我們離開的日子到了。前一天,和善的湯孫先生把致冰島統治者特朗勃伯爵、大主教的助手匹克吐孫先生和雷克雅未克市長芬孫先生的熱情的介紹信帶來給我們。為了表示謝意,叔父至誠地和他握手。
6月2日早晨六點鐘,我們寶貴的行李被裝入伏爾卡利的船艙,船長把我們帶到略微顯得狹窄的尾部。
「是不是順風?」叔父問道。
「風向不能再好了,」船長布加恩回答,「刮東南風。我們將張起全部風帆離開波羅的海峽。」
幾分鐘以後,我們果然揚帆啟航,一小時之內我們就穿過了埃爾西諾爾港口。我神經質地期望在那塊著名的平臺上見到《哈姆萊特》一劇(莎士比亞的劇作)中出現的鬼魂。

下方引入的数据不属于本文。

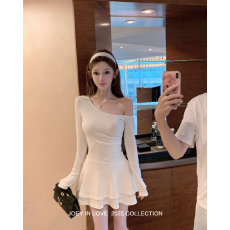 批发JOEY纯欲内搭天才秋冬黑白色冬天配大衣的裙<b class='q'>子</b>德绒双层斜肩连衣裙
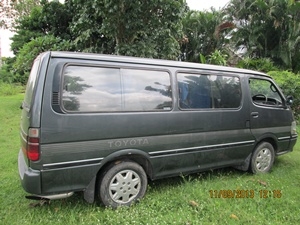 ขายรถตู้หัวจรวด ปี 97 เครื่อง 2500 ประหยัดน้ำมัน ขายถูกด่วนๆ (ชลบุรี)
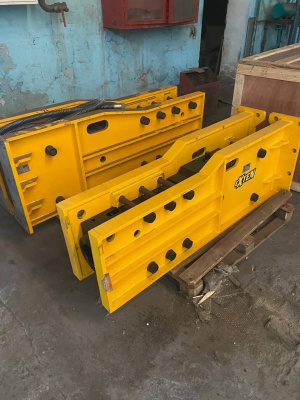 Гидромолот на экскаватор Kobelco SK210/260/350LC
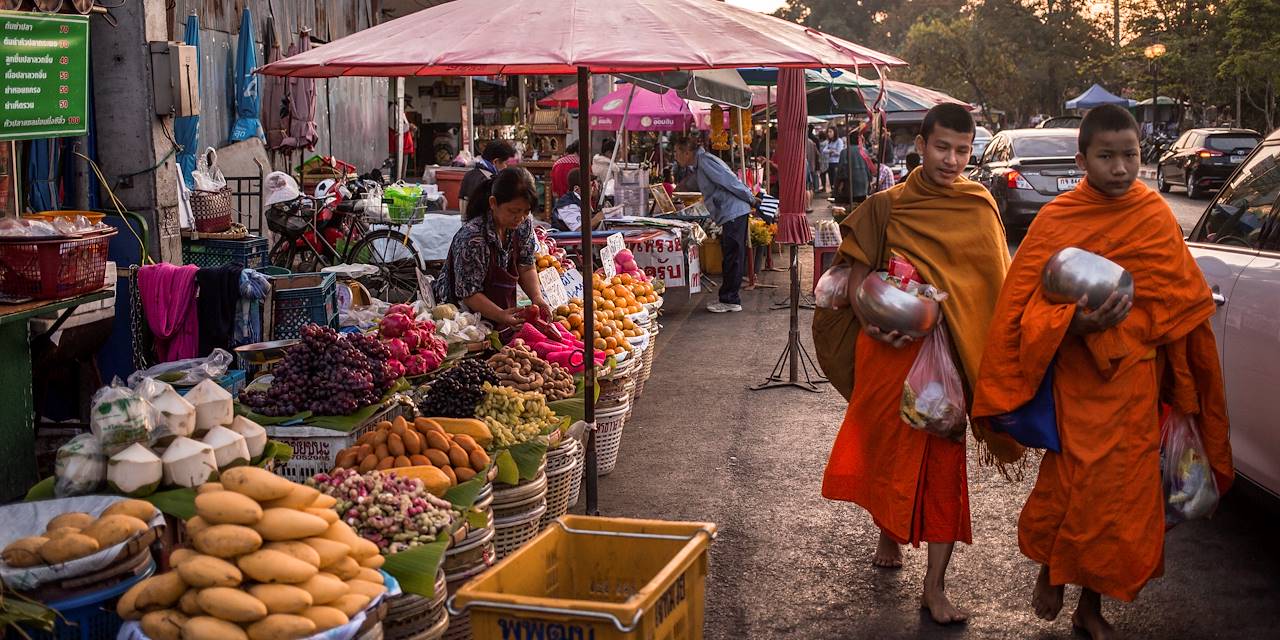 Jeunes moines bouddhistes lors de la cérémonie du Tak Bat - Chiang Mai - Thaïlande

「崇高的狂人!」我說,「你無疑會贊同我們!你或許會跟隨我們,在地心找到解決你的永恆的問題的答案!」
然而在那古老的牆垣上,什麼也沒有出現;那古堡也比英勇的丹麥王子要年輕得多。它現在是這個每年有一萬五千條各國船隻經過的海峽的管理人的豪華寓所。克朗葛保古堡很快地消失在濃霧中了,矗立在瑞典岸上的海爾新堡塔也消失了。在卡特加特1的微風的吹拂下,我們的帆船稍稍有點傾側。
1卡特加特(catt-gat):丹麥瑞典間的海峽。
伏爾卡利是一條很好的帆船,但是坐在帆船裡任何人都不能肯定會遭遇到些什麼。這條船把煤、日用品、陶器、羊毛衣和小麥帶到雷克雅未克去;全船人員部是丹麥人,一共只有五人。
「要多久才能到達?」叔父問船長。
「十來天,如果在穿過弗羅埃2時不遇到太多風暴的
2弗羅埃(fero-):丹麥的島嶼,氣候惡劣,多霧和大風。話。」船長回答說。
「即使遇到也不至於耽擱很多天吧?」
「不會的,黎登布洛克先生,你放心好了,我們一定會到那兒的。」
傍晚時刻,帆船圍繞著丹麥北端的斯卡根海角航行,晚上穿過了斯卡格拉克,接近了挪威南端名叫那池的海角,並且到達了北海。
兩天以後,我們在蘇格蘭港灣見到了彼得黑德,然後我們從奧克尼和設得蘭的中間馳過,並向費羅群島進發。到了費羅群島以後,我們又一直馳向冰島南岸的波得蘭岬角。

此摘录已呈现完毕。